Canoe & Kayak Magazine

Paddling Whitewater in Iran

BAKHTIARI

I felt like I was in heaven on the first day of our trip down the Bakhtiari. I knew that the river ahead was going to become more remote, beautiful, and challenging with each passing day. These are the kinds of adventures that feed my soul as nothing else can. That is what I looked forward to—eight days of being surrounded by the wild and the unknown.

We didn’t know whether to expect friendly people offering tea or another frightful experience like we’d had on the Sezar. Even though Debs, Bob, and Dave had paddled the same stretch of river three years earlier, it was all new for me.

On the Bakhtiari, we were treated to box-walled canyons, cascading waterfalls, pristine beaches, nearly continuous Class IV and V whitewater, and geology that rivaled that of the Grand Canyon.

One day while scouting a major rapid, we noticed three men with guns watching us from the riverbank. Neither running the rapid nor walking around it was very appealing. Some of us made a snap decision to go for it.

Halfway through the massive torrent, I flipped and got pinned upside down between two large boulders. After several agonizing seconds, I realized I was trapped and made a wet exit to escape.

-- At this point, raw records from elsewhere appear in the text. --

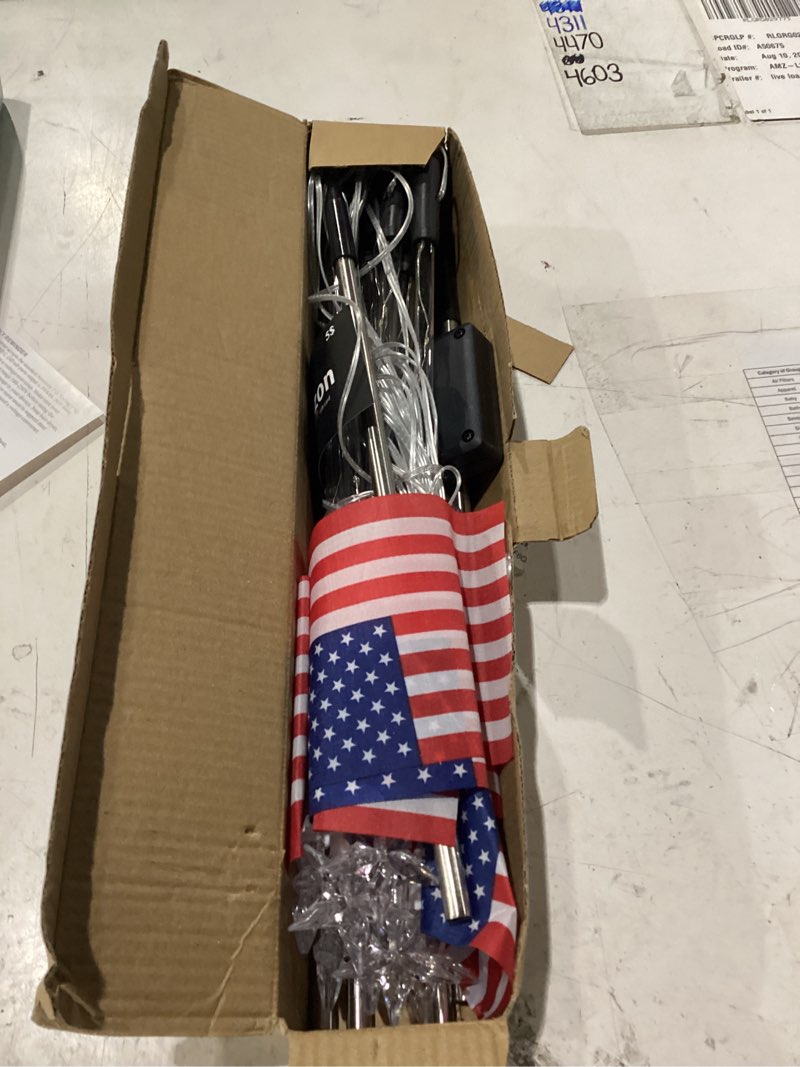 Condition photo showing New/Like New for 8 solar american flag pathway lights waterproof american flag pole light solar powered 4th of july yard led decorations outdoor red white and blue lighted rag decorations for outside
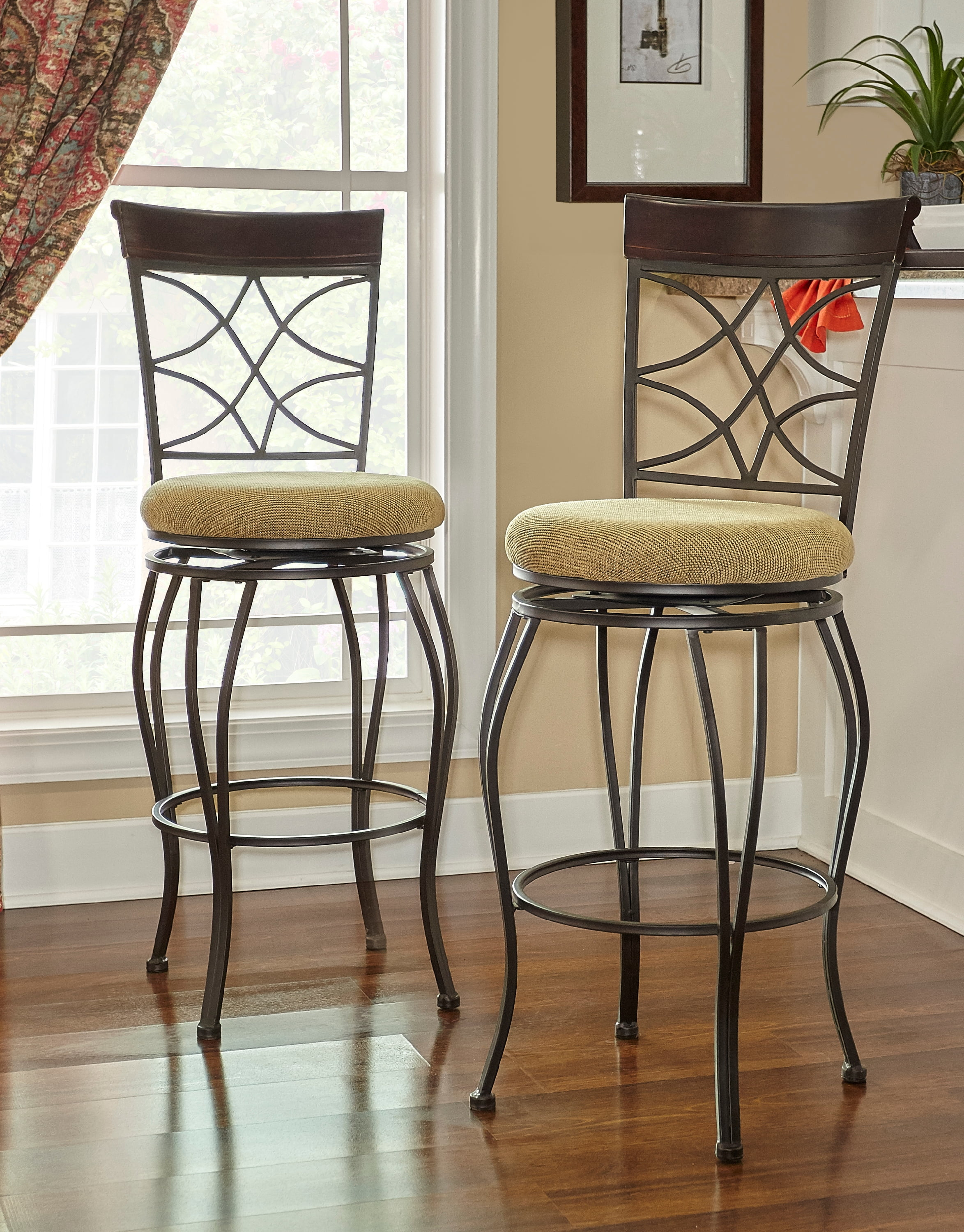Linon Curves Counter Bar Stool, Metallic Brown, 24 inches Seat Height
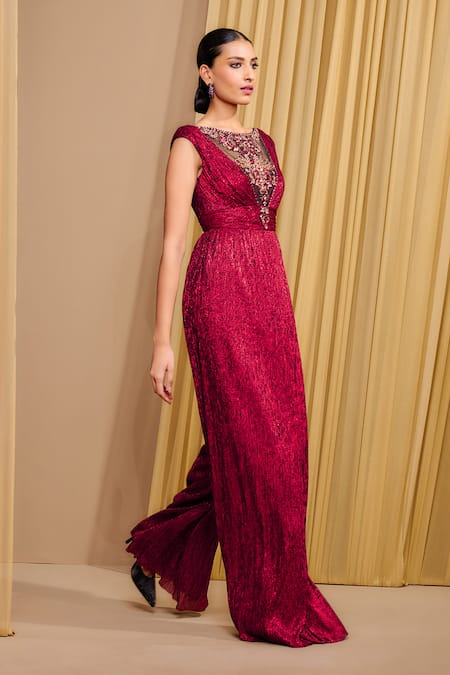 Buy_Tarun Tahiliani_Wine Crepe Embroidery Round Neck Crystal Embellished Jumpsuit _Online_at_Aza_Fashions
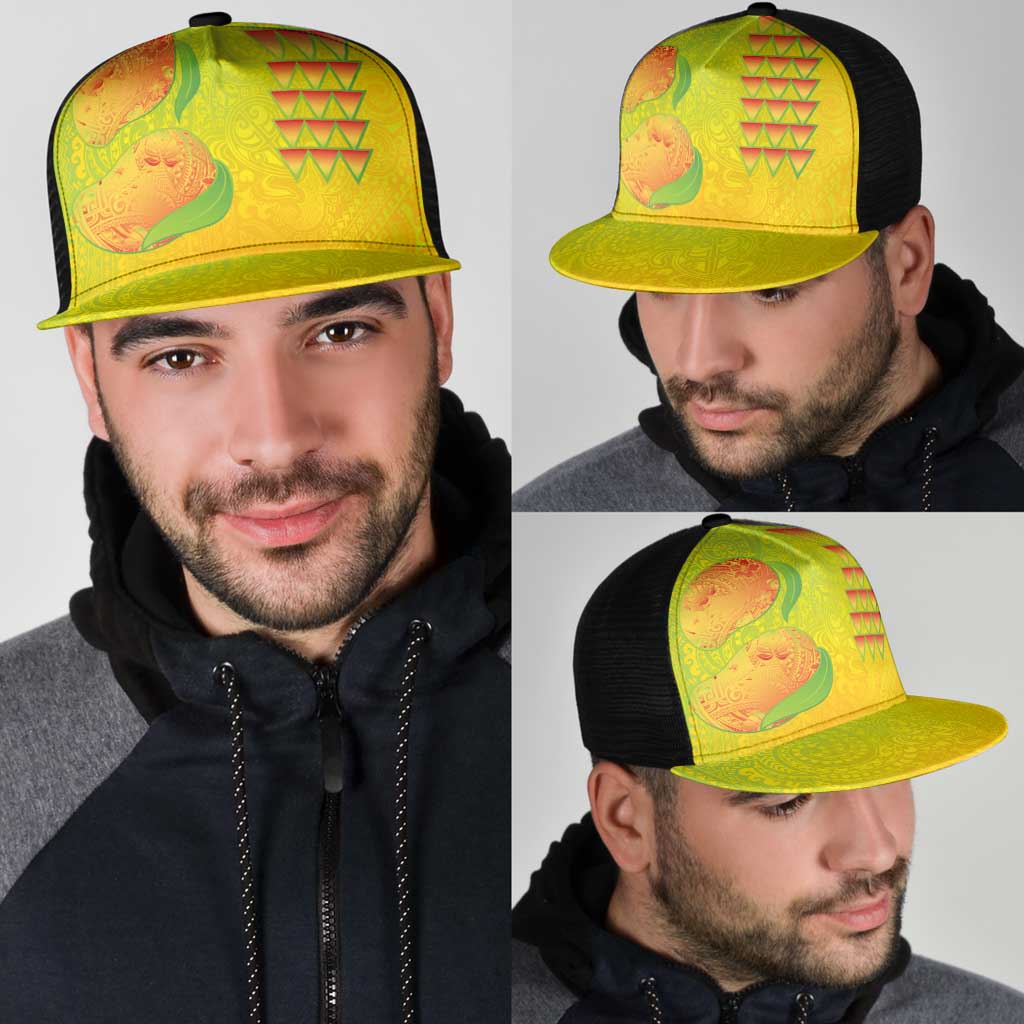 Hawaiian Mango Mesh Trucker Cap Polynesian Art Pattern and Kakau Tattoo LT03 - Polynesian Pride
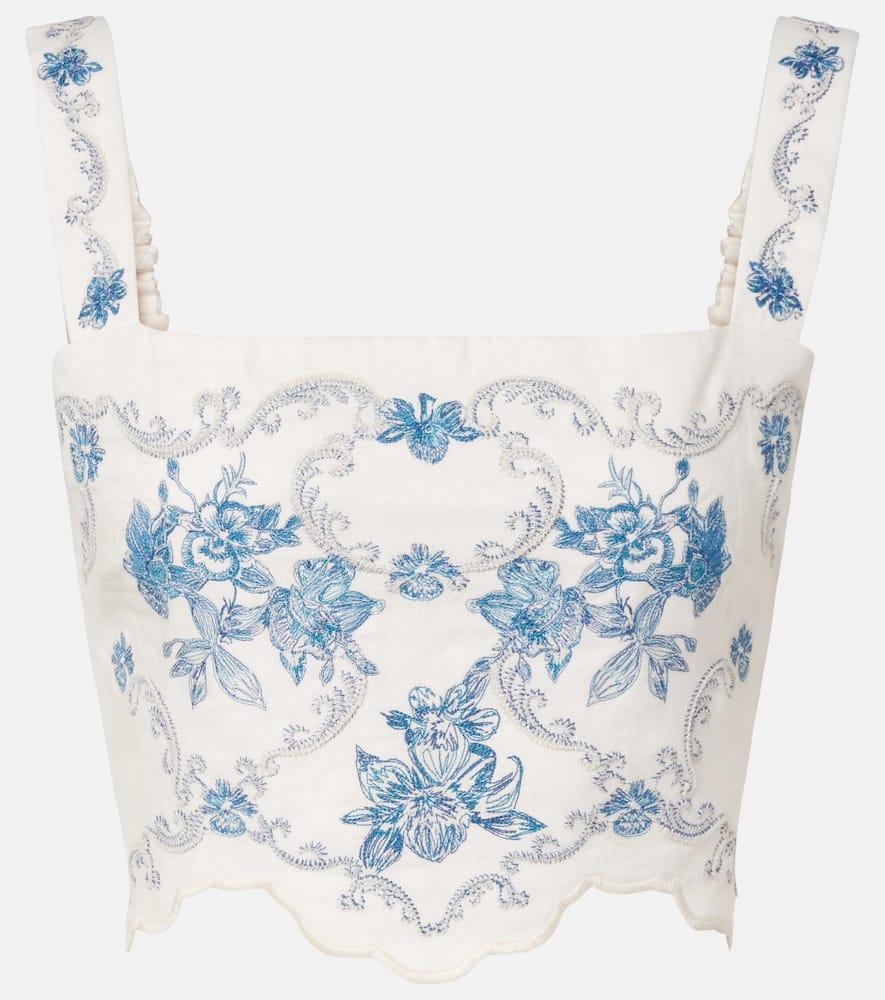 agua by agua bendita luciana gloriosa embroidered linen crop top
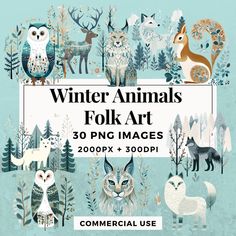 the winter animals folk art pack is shown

Immediately, I was sucked underwater. Only rarely did I pop to the surface, and each time I had just seconds to gasp for another breath. I could feel myself growing weaker by the moment. Suddenly Alex’s kayak appeared out of nowhere, and he told me to grab on. I clung to his boat and Debs tossed a throw-bag from shore. I was fighting to get air back into my lungs when I finally joined her. Solid ground had never felt so good.

Poised with a throw-bag, one party member stands ready to help another on the remote Bakhtiari River, where the author flipped and was pinned underwater.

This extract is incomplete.